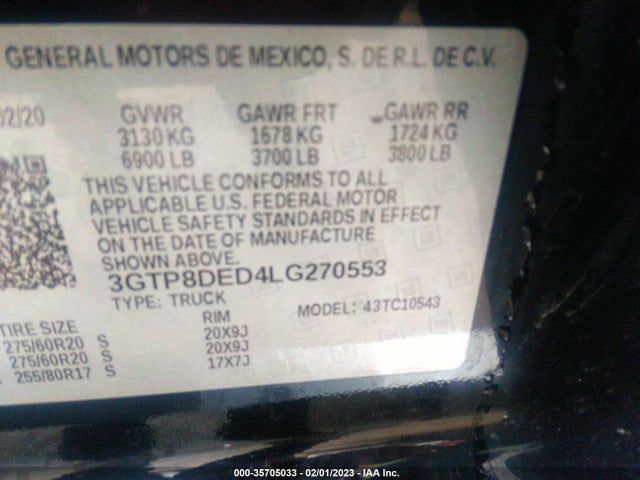 GMC Sierra 1500 Slt 2020 3GTP8DED4LG270553 Image 9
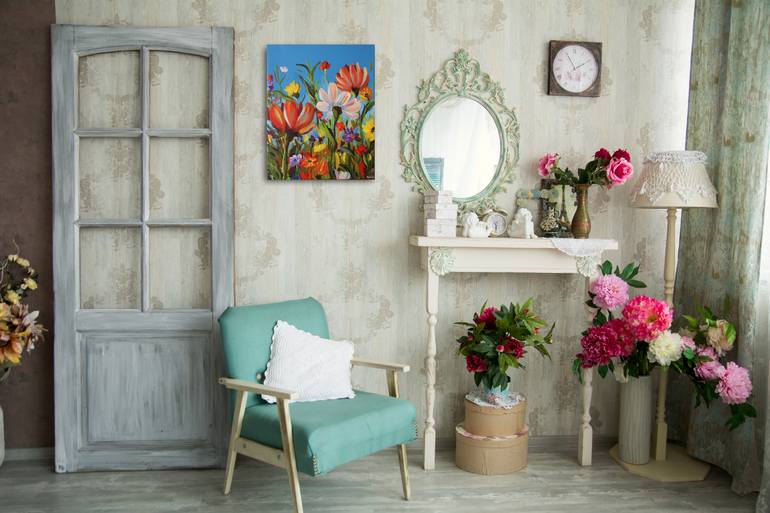 Original Art Deco Floral Painting by Maria Moretti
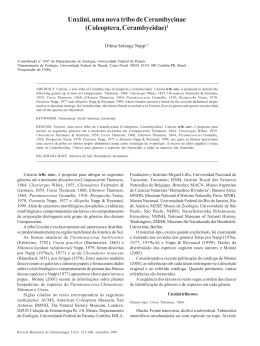 Unxiini, uma nova tribo de Cerambycinae (Coleoptera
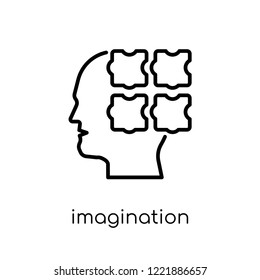 imagination icon. Trendy modern flat linear vector imagination icon on white background from thin line general collection, editable outline stroke vector illustration
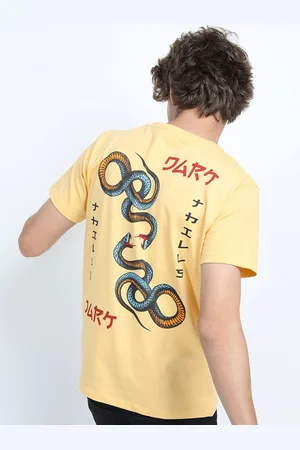 Ketch Men Yellow Slim Fit Cotton T-shirt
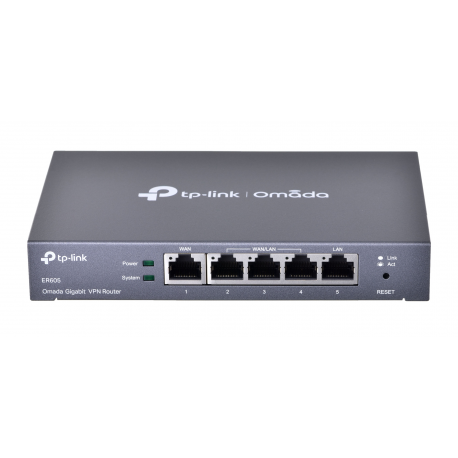 TP-Link ER605 SafeStream™ Gigabit Multi-WAN VPN Router PORT: 1× Gigabit RJ45 WAN Port, 3× Gigabit RJ45 WAN/LAN Ports, 1× Gigabit - 9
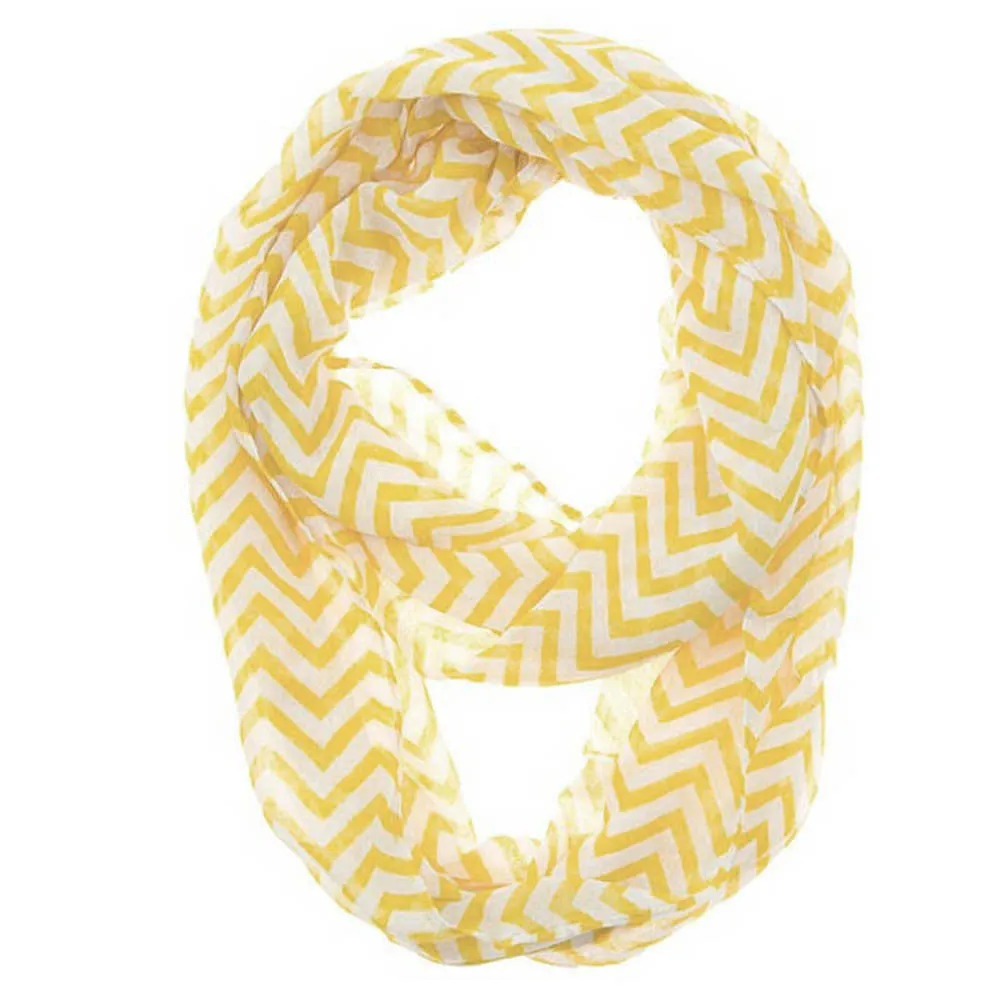 Scarves Women Ladies Infinity Chevron Zig Zag Color Block Double Loop Sheer Scarf Wrap Fast Shipping Feida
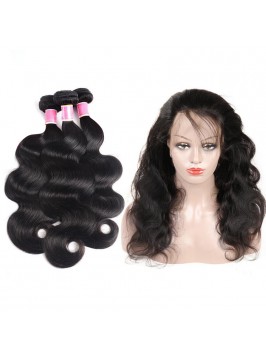 Body Wave Malaysian Virgin Hair 3 Bundles with 360...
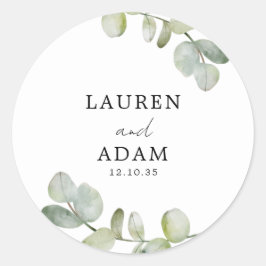 Simple Green Eucalyptus Wedding Runder Aufkleber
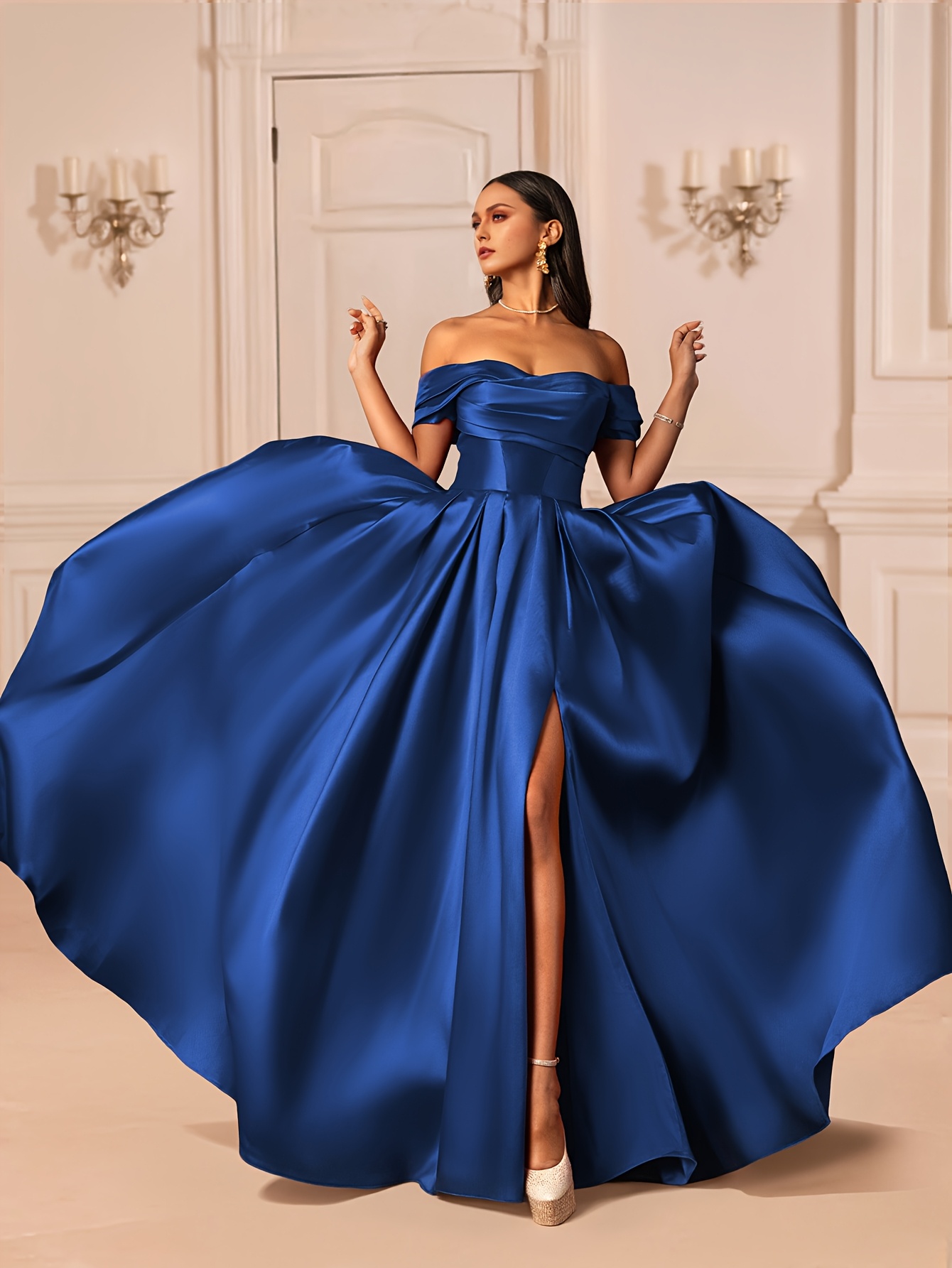 han women's elegant shoulder v neck evening gown navy Temu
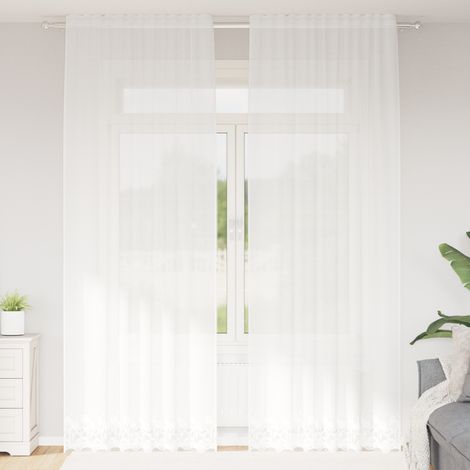 Cortina de Encaje Blanco 280 x 150 cm Poliéster vidaXL (1/5)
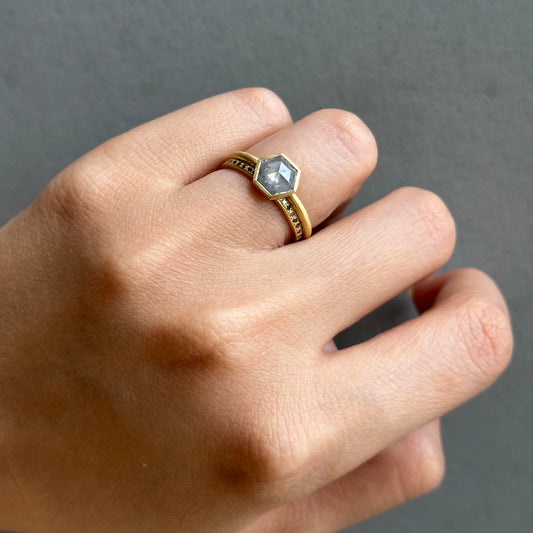 0.76 Carat One-of-a-Kind Rose Cut Feather Grey Diamond Ring | DR273-OOAK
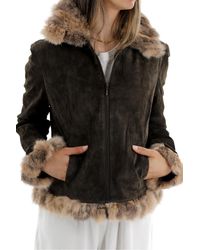 La Fiorentina - Suede Leather Jacket With Fur Trim - Lyst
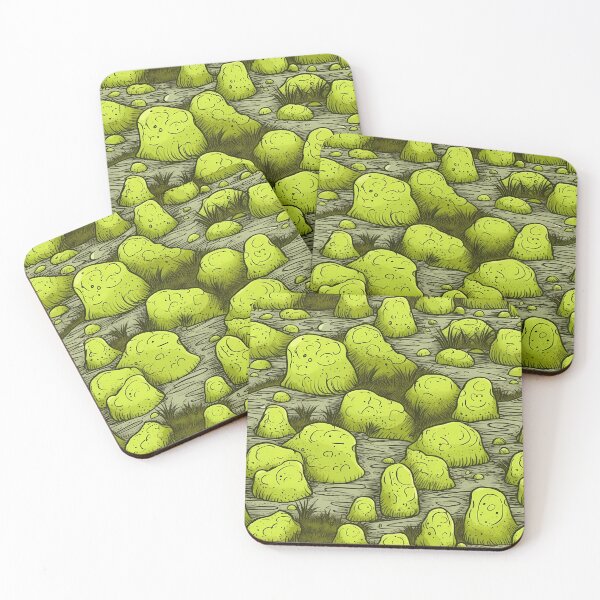 Item preview, Cartoon Green Rocks and Plants Print with Spiky Hair in Natural Watery Grass designed and sold by GiveMeMood.
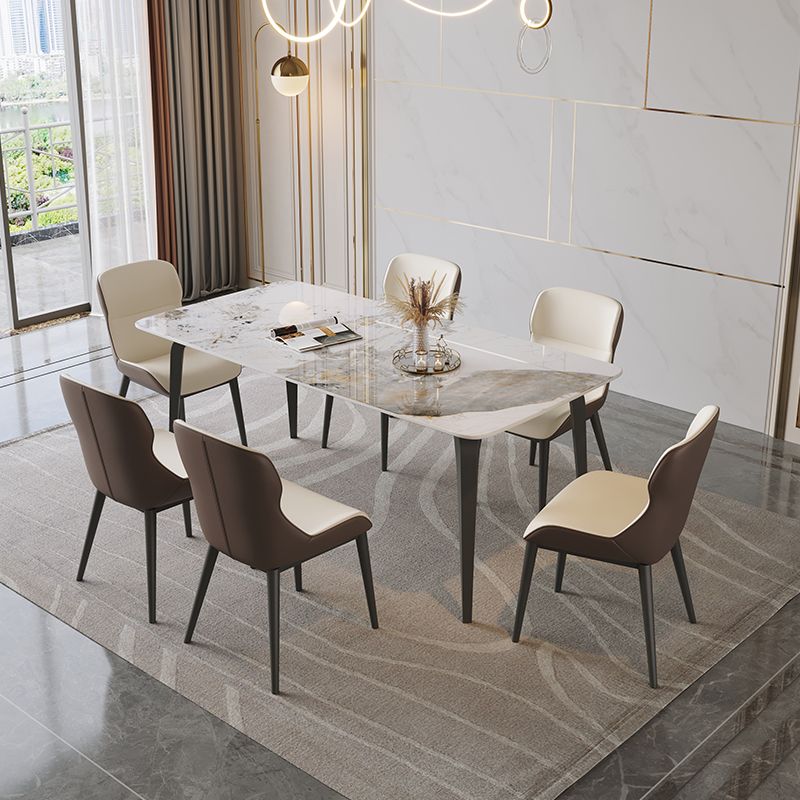 Rectangle Dining Site Table Contemporary Style Stone Furniture with 4 Legs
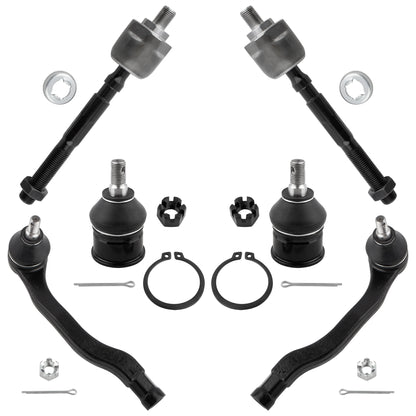 BOXI 6pc Front Inner & Outer Tie Rods and Lower Ball Joints Fit for Acura Integra 1994-1997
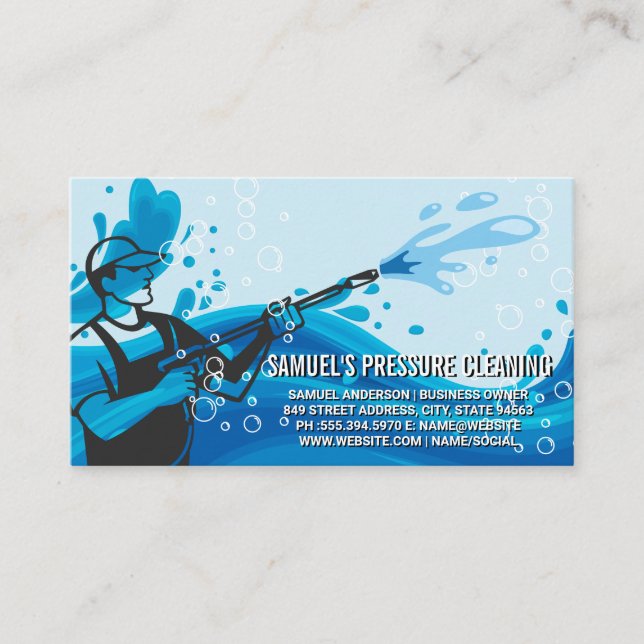 Pressure Water Spray Worker | Soap Bubbles  Business Card (Front)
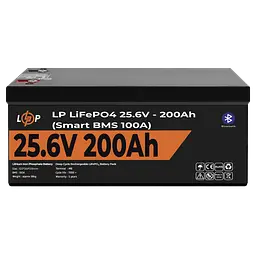 Акумулятор LP LiFePO4 24V (25,6V) - 200 Ah (5120Wh) (Smart BMS 100А) з BT пластик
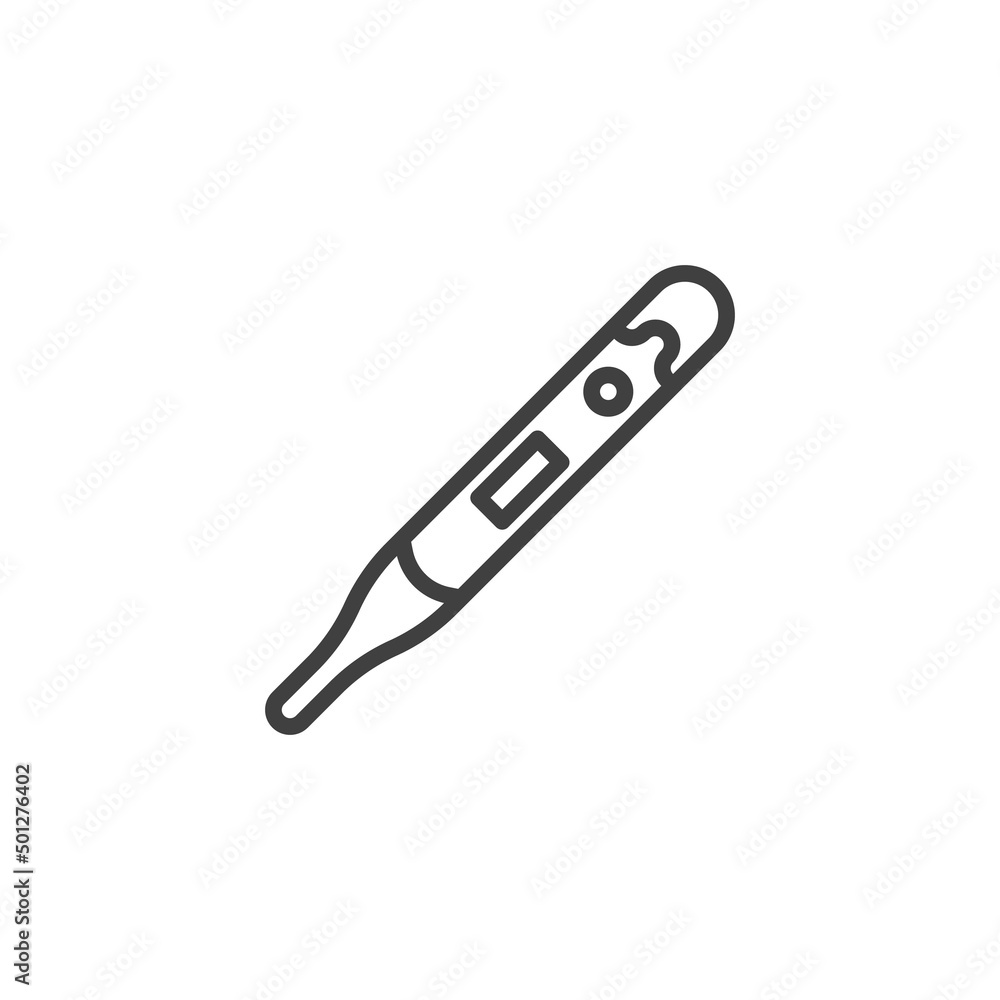 Electronic thermometer line icon Electronic thermometer line icon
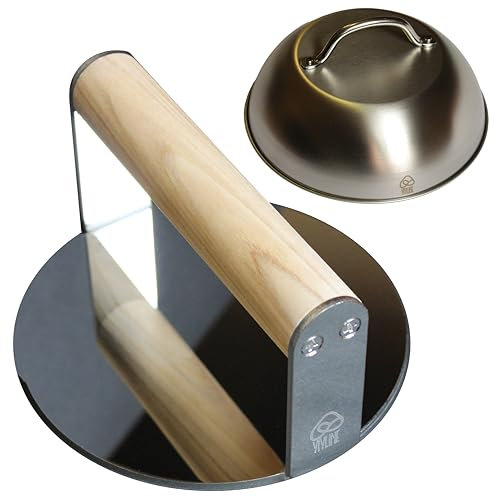 VIVLINE Smash Burger Kit, Smasher Profesional + Cupula fundir queso, Prensa hamburguesas Gourmet acero inoxidable antiadherente 14 cm para aplastar carne + Tapa derretir queso 22cm, Set cocina premium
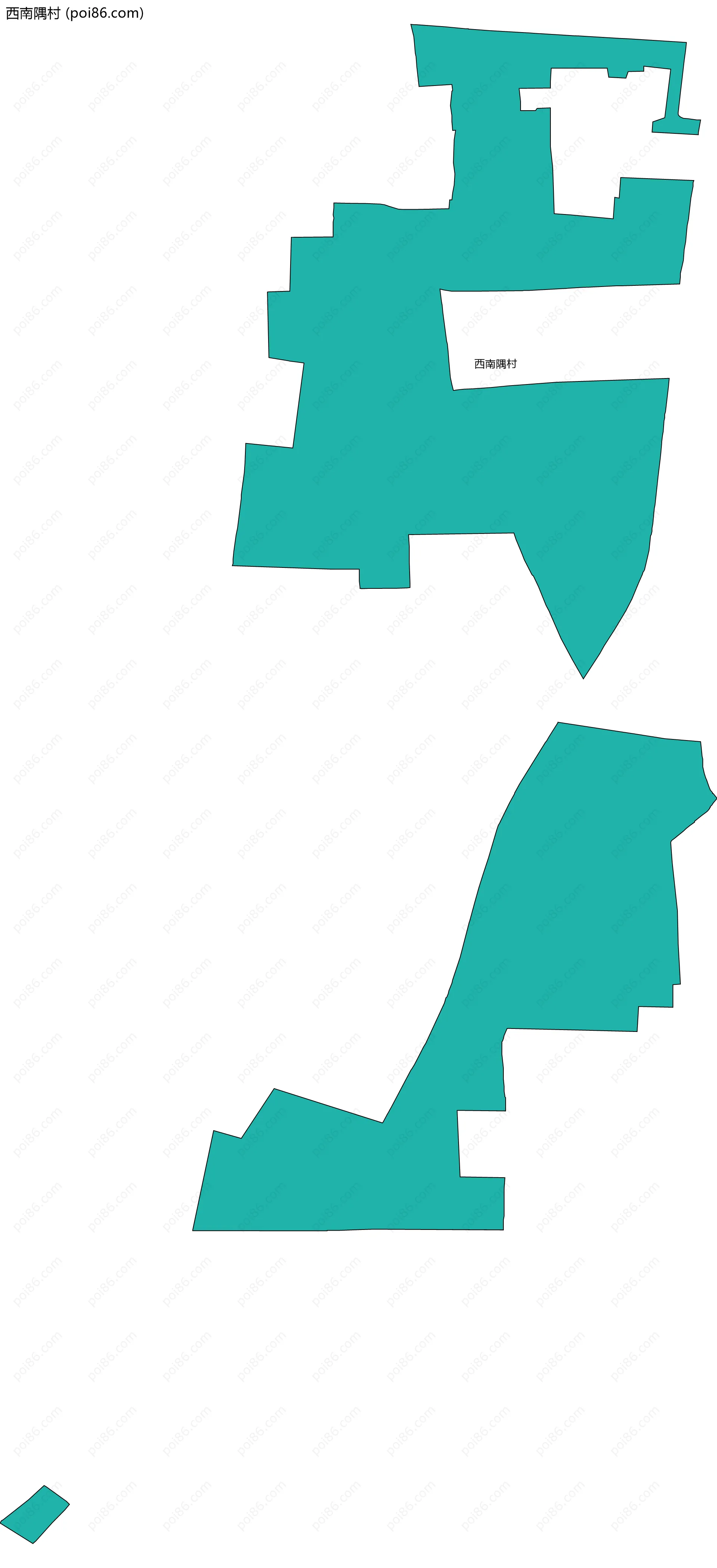 西南隅村边界地图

• _WHAT YOU WILL DO_: Print the lines from the beginning of the records up to and including the line containing "imagination icon. Trendy", word for word, with no pictures.

• _EXERCISE SOLUTION_:
 GMC Sierra 1500 Slt 2020 3GTP8DED4LG270553 Image 9
 Original Art Deco Floral Painting by Maria Moretti
 Unxiini, uma nova tribo de Cerambycinae (Coleoptera
 imagination icon. Trendy modern flat linear vector imagination icon on white background from thin line general collection, editable outline stroke vector illustration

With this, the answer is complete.